Aquí, las rocas son rojizas y están salpicadas de negro. No estoy segura de a qué se debe el negro; casi parece que un mar lleno de alquitrán hubiera lamido estos farallones en una época lejana.
—Vas bien —dice Indie cuando trepo a una repisa junto a ella—. Ahora viene la parte más difícil —añade mientras señala con el dedo—. Deja que pruebe yo primero.
Me siento en la repisa y me apoyó en la pared. Me duelen los brazos del esfuerzo. Me gustaría que la roca nos sostuviera, nos acunara cuando nos aferramos a ella, pero no lo hace.

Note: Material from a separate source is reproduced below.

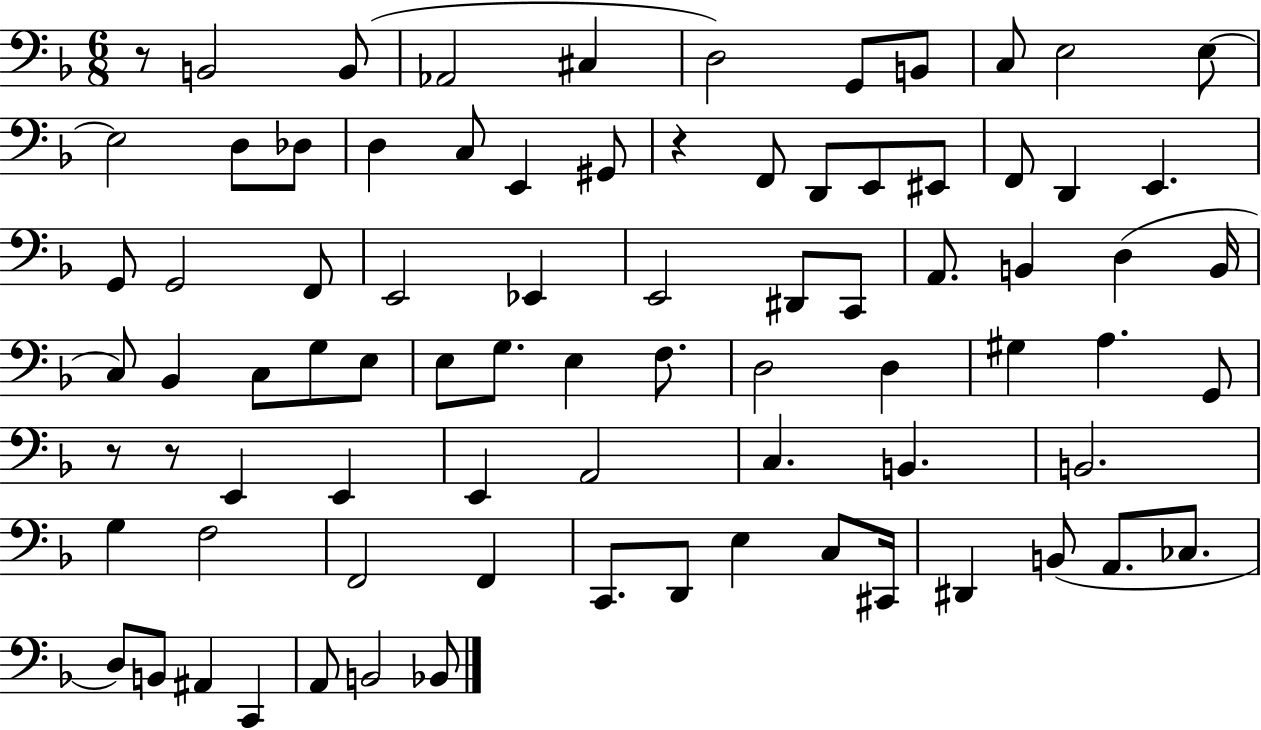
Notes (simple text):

R/e B2/h B2/e Ab2/h C#3/q D3/h G2/e B2/e C3/e E3/h E3/e E3/h D3/e Db3/e D3/q C3/e E2/q G#2/e R/q F2/e D2/e E2/e EIS2/e F2/e D2/q E2/q. G2/e G2/h F2/e E2/h Eb2/q E2/h D#2/e C2/e A2/e. B2/q D3/q B2/s C3/e Bb2/q C3/e G3/e E3/e E3/e G3/e. E3/q F3/e. D3/h D3/q G#3/q A3/q. G2/e R/e R/e E2/q E2/q E2/q A2/h C3/q. B2/q. B2/h. G3/q F3/h F2/h F2/q C2/e. D2/e E3/q C3/e C#2/s D#2/q B2/e A2/e. CES3/e. D3/e B2/e A#2/q C2/q A2/e B2/h Bb2/e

—Creo que ya lo tengo —susurra Indie—. Cuando subas…
Oigo un ruido de piedras que caen, de carne que se rasguña contra la roca. Me pongo de pie. La repisa es estrecha y mi equilibrio es inestable.
—¡Indie!
Está colgando por encima de mí, agarrada a la pared. Casi me roza con una pierna. La tiene arañada, ensangrentada. La oigo jurar entre dientes.
—¿Estás bien? —pregunto.
—Empuja —me dice, con voz entrecortada—. Empújame hacia arriba.
Coloco las palmas de las manos bajo la suela de su bota, que está desgastada después de la carrera y embadurnada de tierra del cañón.
Hay un momento terrible en el que Indie apoya todo su peso en mis manos y sé que no encuentra ningún asidero al que aferrarse. Después, ya no está; el peso de su bota abandona mi mano; su suela se me queda grabada en la palma.
—Ya estoy arriba —dice—. Ve hacia tu izquierda. Te indicaré cómo subir desde ahí.
—¿No hay peligro? ¿Seguro que estás bien?
—Es culpa mía. Estás rocas son más blandas que las que yo escalaba. He apoyado demasiado peso en esa y la he roto.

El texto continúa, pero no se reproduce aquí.